Özet:
Âşık edebiyatı şiir sanatında ana ahenk unsuru “ayak”tır. Âşık edebiyatında “ayak” o kadar önemlidir ki, ancak kendisine verilen “ayak”la, doğaçlama (irticalen) şiir söyleyebilen sanatçılara “âşık” adı verilir. Çünkü ancak “formüllü bir şiir dili” geliştiren, ayak kullanımında ustalaşan profesyonel âşıklar her konuda doğaçlama şiirler söyleyebilmektedir.
Âşık tarzı şiirlerin çekirdeğini oluşturduğu bilinen “ayak”, ilk hanenin genellikle ikinci dizesinde ve diğer hanelerin dördüncü dizelerinde bulunur. Âşık tarzı şiirlerin genellikle ilk iki dizesine “ayak beyiti”, ilk hanenin ikinci dizesi ile bütün hanelerin dördüncü dizelerine de “ayak dizesi” adı verilir. Bu dizeler ya aynen tekrarlanarak, ya da aralarında bulunan “kafiye+redif” birliği ile şiirde ses ve anlam birliği de sağlar.
Âşık edebiyatında ayak ile ilgili zengin bir terim dağarcığı bulunmaktadır: Ayak açma, ayak alma, ayak arama, ayak beyti, ayak değiştirme, ayak düşürme, ayak hazırlama, ayak ikileme, ayak isteme, ayak kurma, ayak söyleme, ayaktan çıkma, ayak tekrar etme, ayak tüketme, ayak uydurma, ayak verme… vd. gibi.
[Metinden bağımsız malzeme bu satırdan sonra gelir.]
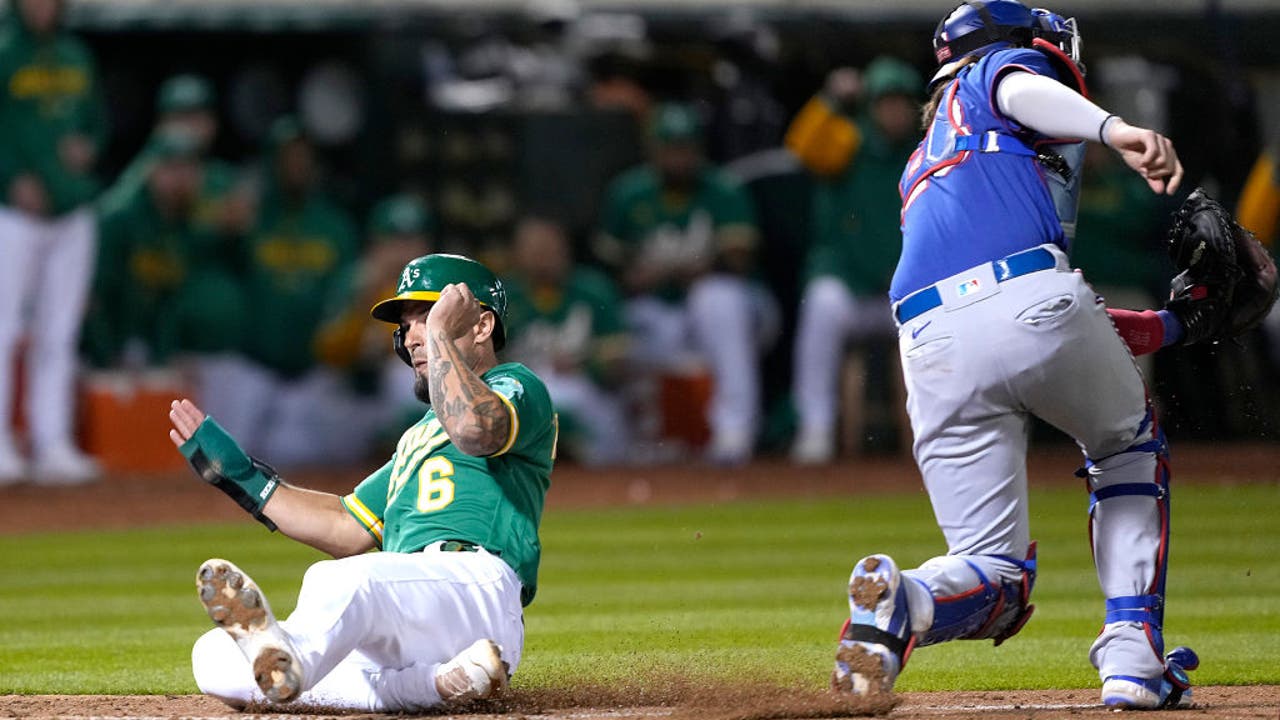 JJ Bleday of the Oakland Athletics bats against the Texas Rangers in  News Photo - Getty Images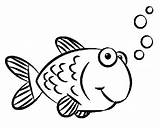 Fish Drawing Easy Coloring Kids Drawings Pages Colored Gold Goldfish Clipart sketch template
Özelliklerine göre ham ayak, işlenmiş ayak, yeni ayak, sorulu ayak, sorulu cevaplı ayak, cinaslı ayak, lebdeğmez ayak, tek ayak, döner ayak, yenileme ayak, yineleme ayak, düz ayak, dönderme ayak, geniş ayak, işlek ayak, dar ayak, zor ayak, kapanık ayak gibi terimler de yine ayak ile ilgilidir.
Bildiride, Türkiye sahası âşık edebiyatında kullanılan ayak terimlerinin ortaya çıkarılması, belirlenen bu terimlerin işlevleri bakımından tasnif edilmesi, karşılaşılan sorunların belirlenmesi ve terim karışıklıklarına önerilerde bulunulması amaçlanmaktadır.